*PROBLEM DESCRIPTION:* Only the lines from the top of the records below through the line containing "Dalle de béton" should be printed, exactly and without pictures.
=-=-=-=-=
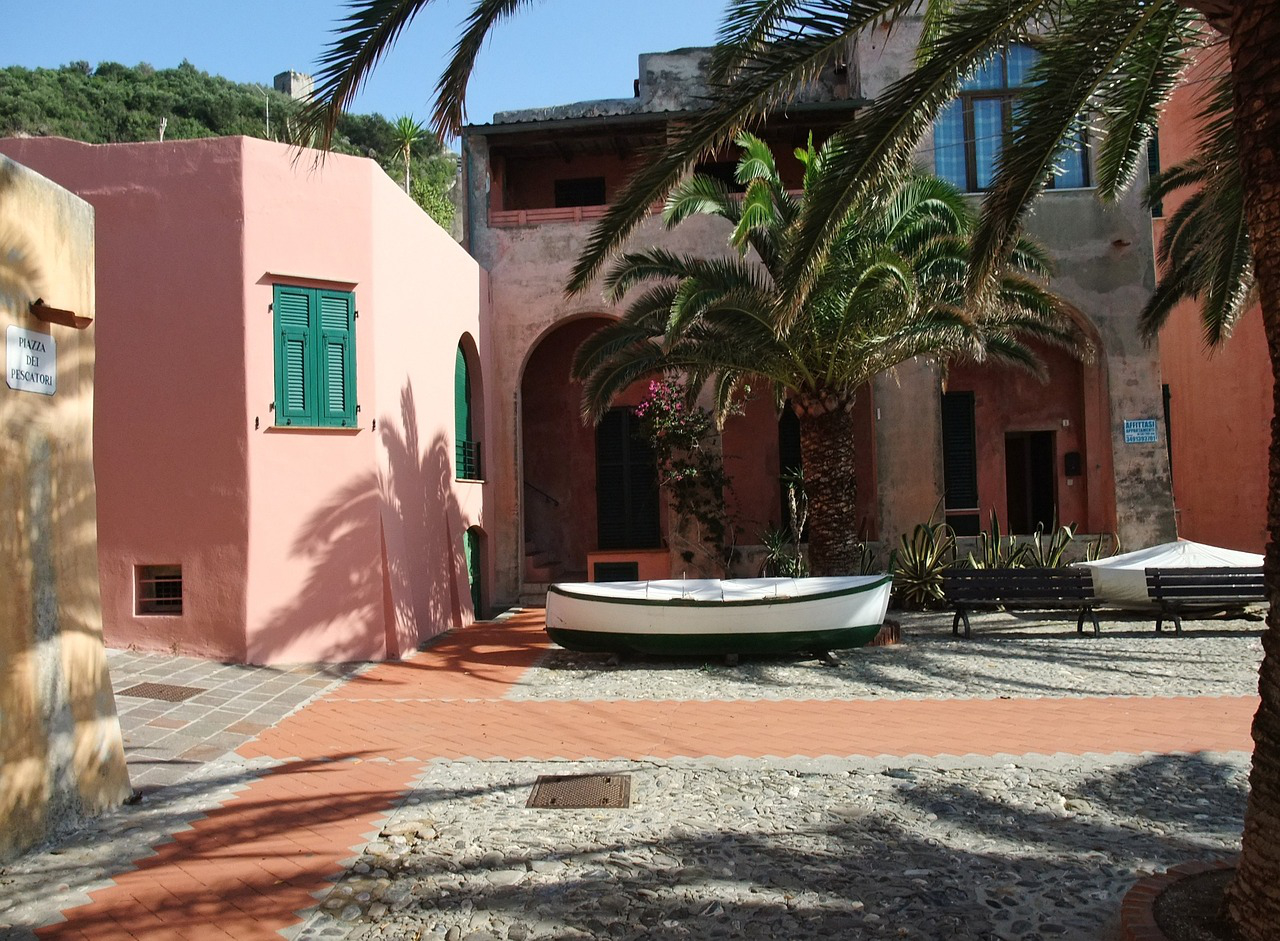 Una piazza lastricata di Varigotti, con un'imbarcazione da pesca, palme e case colorate in uno stile mediterraneo.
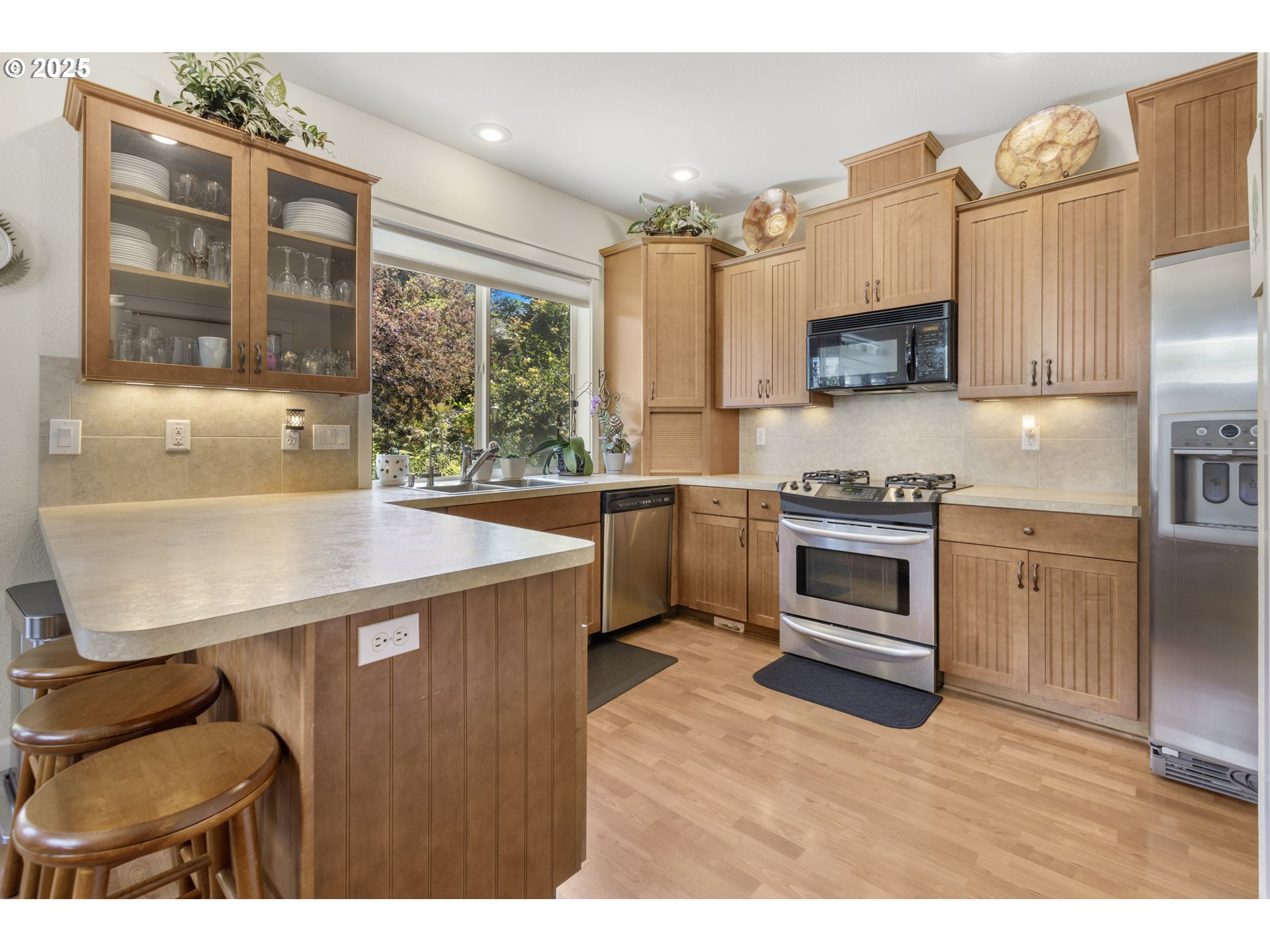 3369 Falcon Drive Springfield, OR 97477 - Photo 19 of 47 a kitchen with stainless steel appliances a stove sink and cabinets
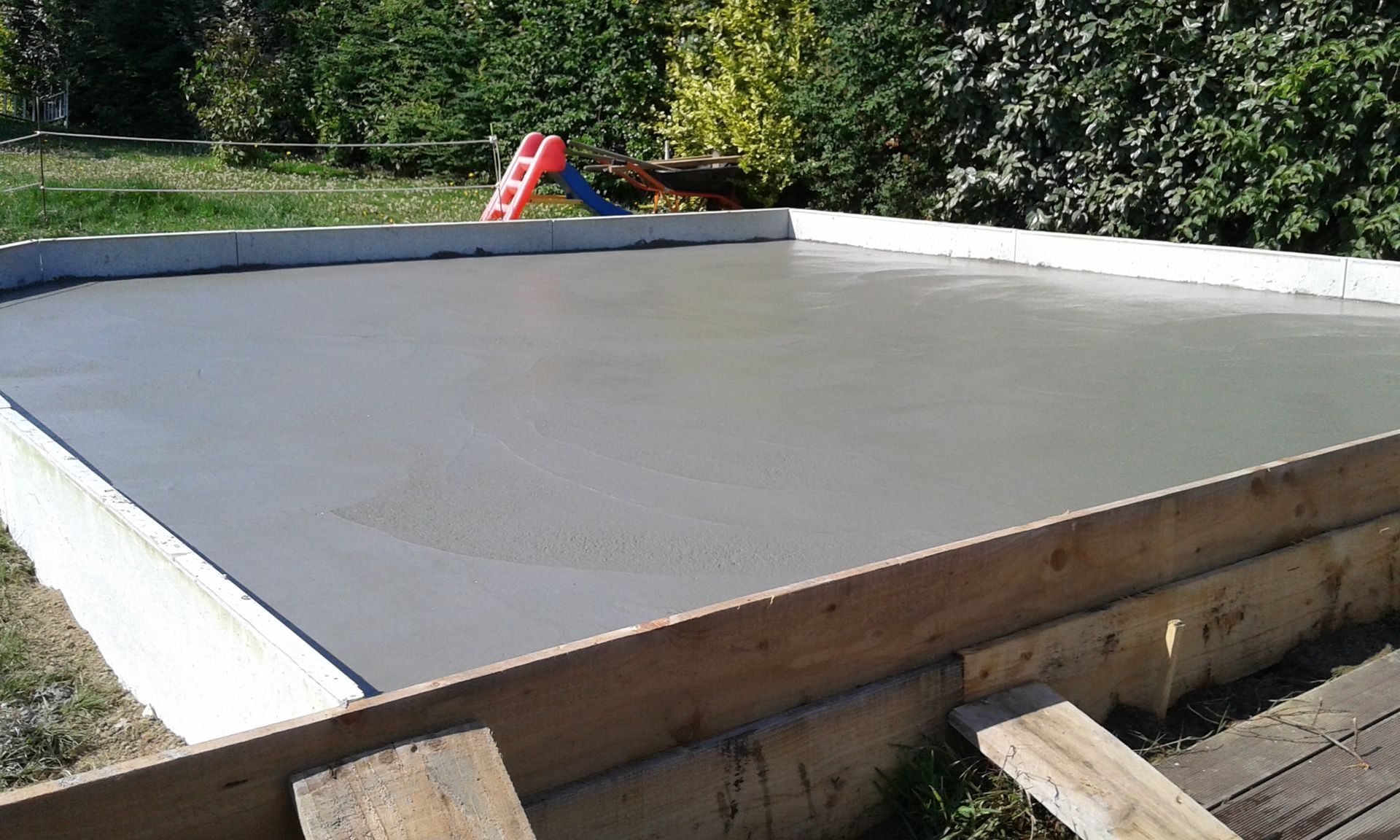 Dalle de béton fraîchement coulée avec coffrage en bois à l'extérieur, entourée de verdure.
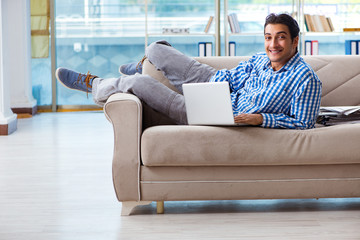 Caucasian student with laptop preparing for university exams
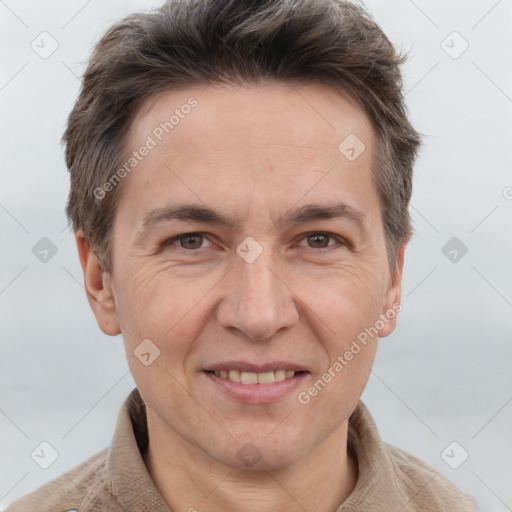 Joyful white adult male with short  brown hair and grey eyes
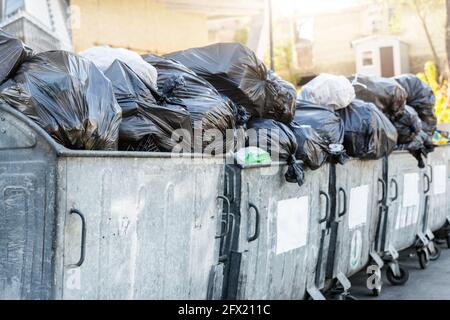 Reihen von vielen großen Metall überladenen Mülltonnen voller Schwarze Müllsäcke aus Plastik in der Nähe des Wohngebäudes in der Stadt Innenstadt oder Vorstadtbereich Stockfoto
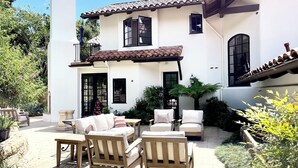 A two-story house with a patio area featuring outdoor furniture, including sofas and chairs. - Montecito - Ocean and Mountain Views - Total Renovation Completed! (Montecito)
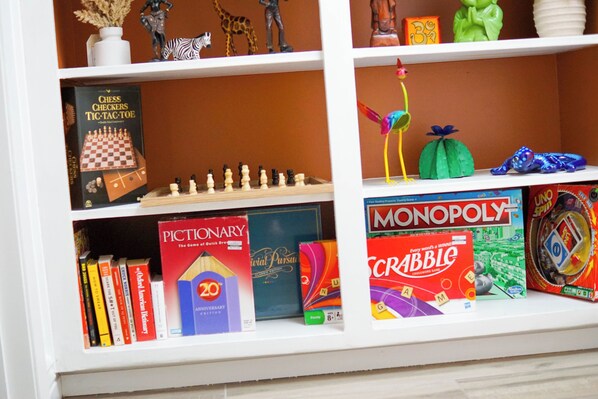 Een boekenplank met verschillende gezelschapsspellen en boeken.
=-=-=-=-=
*EXERCISE ANSWER:*
 Una piazza lastricata di Varigotti, con un'imbarcazione da pesca, palme e case colorate in uno stile mediterraneo.
 3369 Falcon Drive Springfield, OR 97477 - Photo 19 of 47 a kitchen with stainless steel appliances a stove sink and cabinets
 Dalle de béton fraîchement coulée avec coffrage en bois à l'extérieur, entourée de verdure.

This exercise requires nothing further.